Running 400B model on iPhone! 0.6 t/s
546 upvotes · 253 comments
Anemll’s iPhone demo claims “Running 400B model on iPhone! 0.6 t/s” and ties it back to the Flash-MoE codebase. The post credits multiple collaborators and says the implementation uses “giant KV cache and SSD streaming,” extending the earlier laptop work rather than introducing a separate mobile stack.
The earlier Flash-MoE repo is more specific about the model family and engine: Qwen3.5-397B-A17B, a pure C/Metal inference path, and SSD-backed expert streaming on Apple hardware.

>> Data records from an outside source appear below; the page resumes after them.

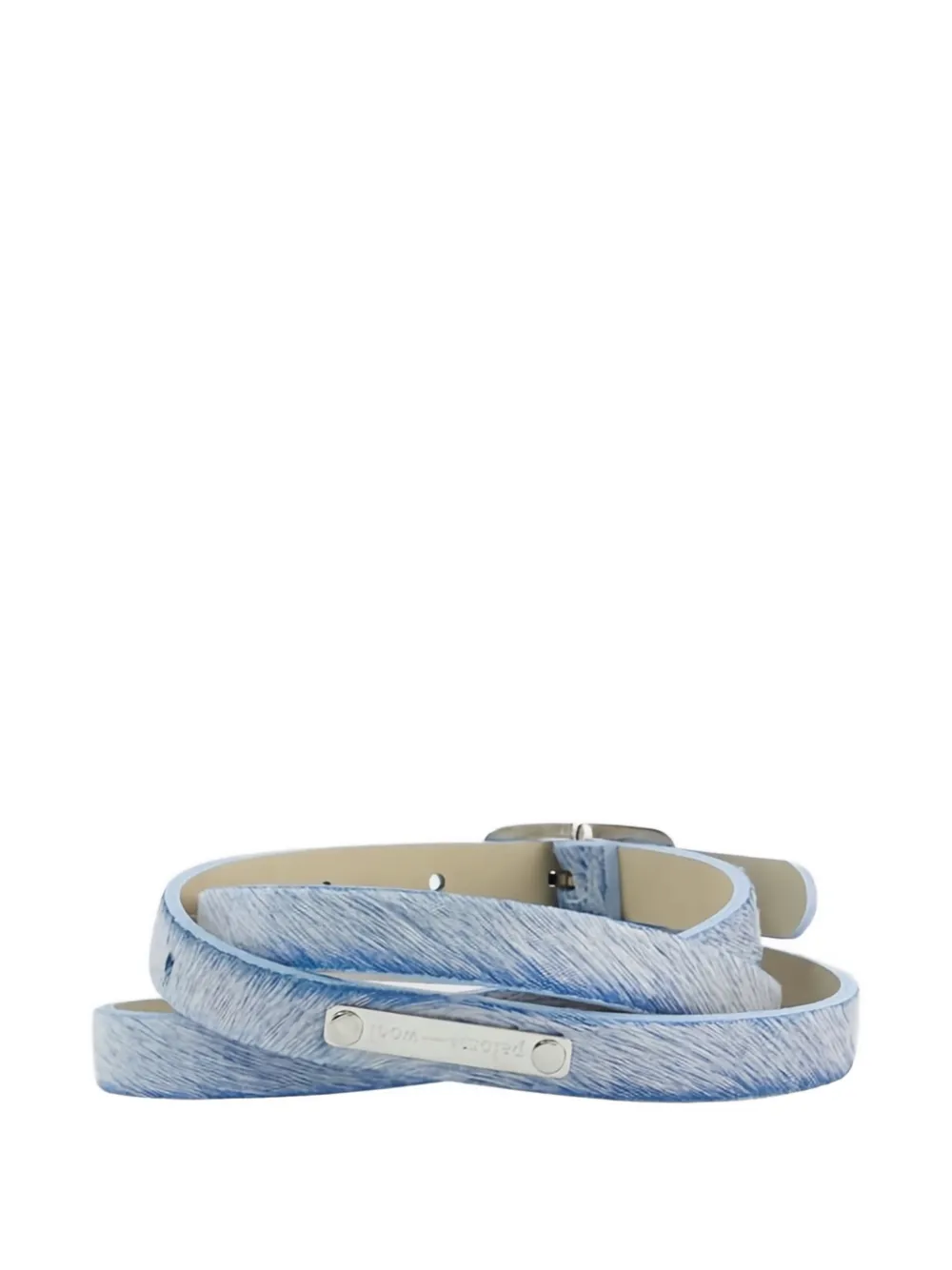 Paloma Wool Greta riem met vierkante gesp - Blauw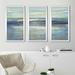 Highland Dunes 'Tuscan Shore I' Acrylic Painting Print Multi-Piece Image Plastic/Acrylic in Blue/Yellow | 25.5 H x 40.5 W x 1 D in | Wayfair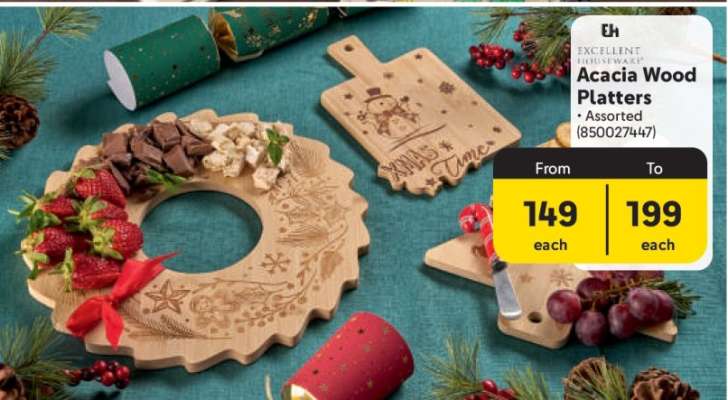 Acacia Wood Platters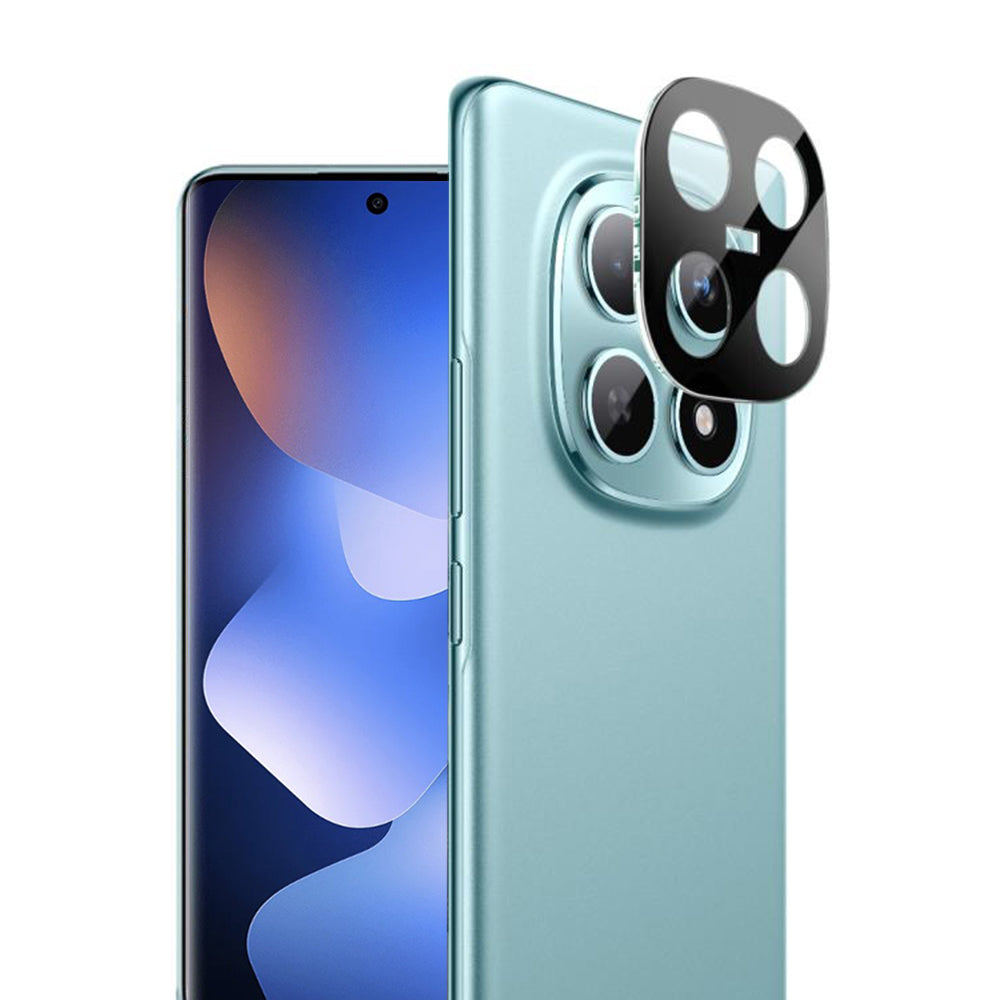 Schutzfolie Techsuit für die Rückkamera für Xiaomi Poco M8 / Redmi Note 15 5G, gehärtetes Glas, Schwarz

Simon Willison’s thread summary captured the engineering leap cleanly: you can run “enormous Mixture-of-Experts” models without fitting the full model in RAM by streaming only the subset of experts needed for each generated token.
How does Flash-MoE fit a 397B-class MoE on Apple hardware?
Flash-MoE: Running a 397B Parameter Model on a Laptop
390 upvotes · 121 comments
The core trick is explicit storage-to-memory tiering. The project repo says the 397B Qwen3.5 MoE is 209GB at 4-bit, but Flash-MoE avoids keeping all of that resident: non-expert weights are mmap’d at 5.5GB, while expert weights are fetched from SSD with parallel pread as tokens are generated. The same writeup says the laptop version was built in “24 hours” with hand-tuned Metal shaders and no Python frameworks.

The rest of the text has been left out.